What i'm trying to do is process the latest chunks of audio every 10s so the entire file isn't useful to me. This is what I have so far but i'm definitely missing something important with webm. Im guessing its probably because of the missing header information but not sure.
let buffer: Buffer = Buffer.from([])
const writableStream = new Stream.Writable({
write(chunk, encoding, callback) {
buffer = Buffer.concat([chunk, buffer])
callback();
}
});
const stream = await getStream(page, {
audio: true,
video: false,
});
stream.pipe(writableStream);
// let fromTime = 0;
const intervalTime = 10 * 1000;
const reportInterval = setInterval(() => {
// Write a webm file thats 10s long. This will be used for processing.
writeFile(`./chunks/example.webm`, buffer).catch((error) => {
console.log(error)
})
buffer = Buffer.from([])
}, intervalTime);
In this case example.webm refused to load anything.
I've seen the example with the discord stream but it doesn't seem very applicable. I feel like this is a good usecase for people who don't need to record the raw audio. If anyone has pointers on WebM or relatively simple documentation please lmk. Any advice is appreciated.

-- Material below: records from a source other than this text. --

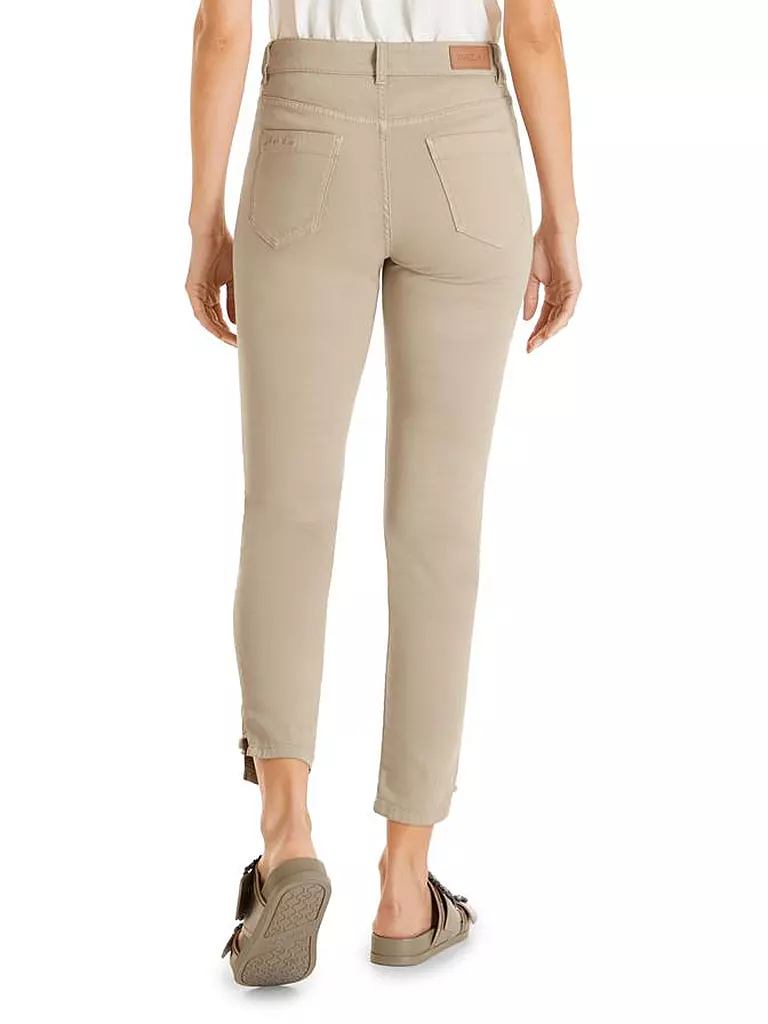 MARC CAIN  | Jeans Slim Fit  | braun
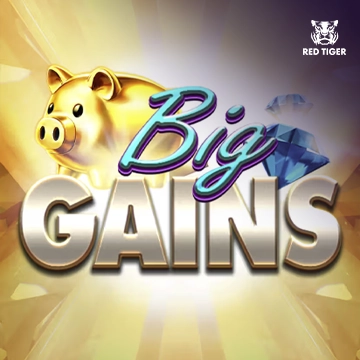 Redtiger : Big Gains - PORTBET88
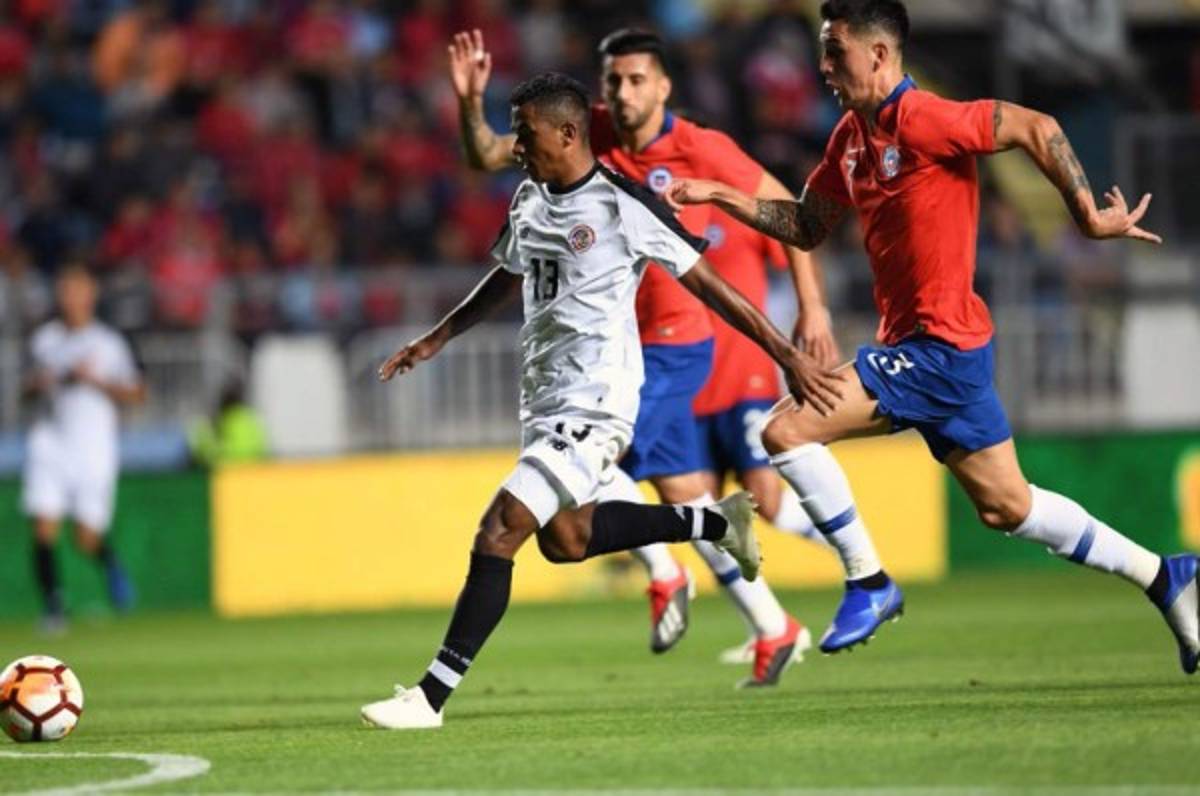 El costarricense Allan Cruz cerca de firmar con el FC Cincinnati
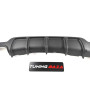 Дифузор заднього бампера M Пакет BMW F32 F33 F36 M Performance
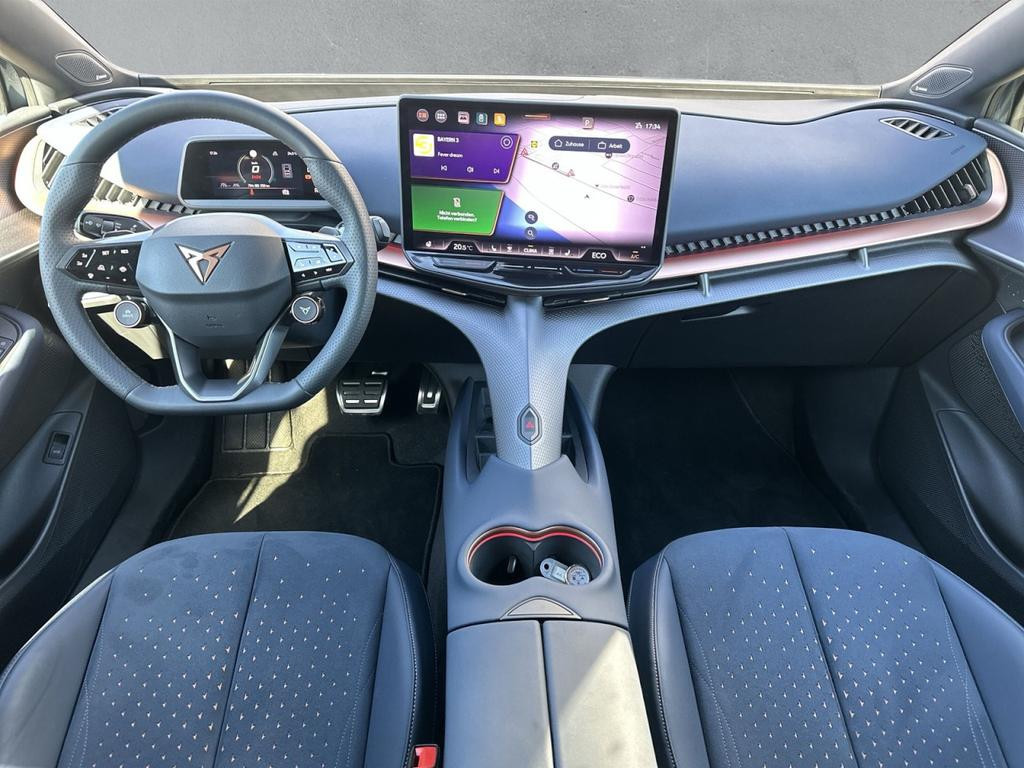 Cupra Tavascan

For one, to get the video in 10 second chunks, reprocessing the video is necessary, as there are headers at the start of file to tell the reader that it is a webm file. Therefore, the line buffer = Buffer.from([]) will make the stream afterwards unusable ( Haven't worked out how to fix that ). However, if you only want to know the duration of the video, just use ffmpeg -hide_banner -i ( YOUR VIDEO ) -f null - 2>&1 | grep time= | tr -d "\n" | sed -E 's/.?time=//' | grep -o '^\S' . This parses the entire video, instead of looking at the ( In this case nonexistent ) time headers. If you want to write a node version of that command, be warned that ffmpeg prints to sterr, not stout.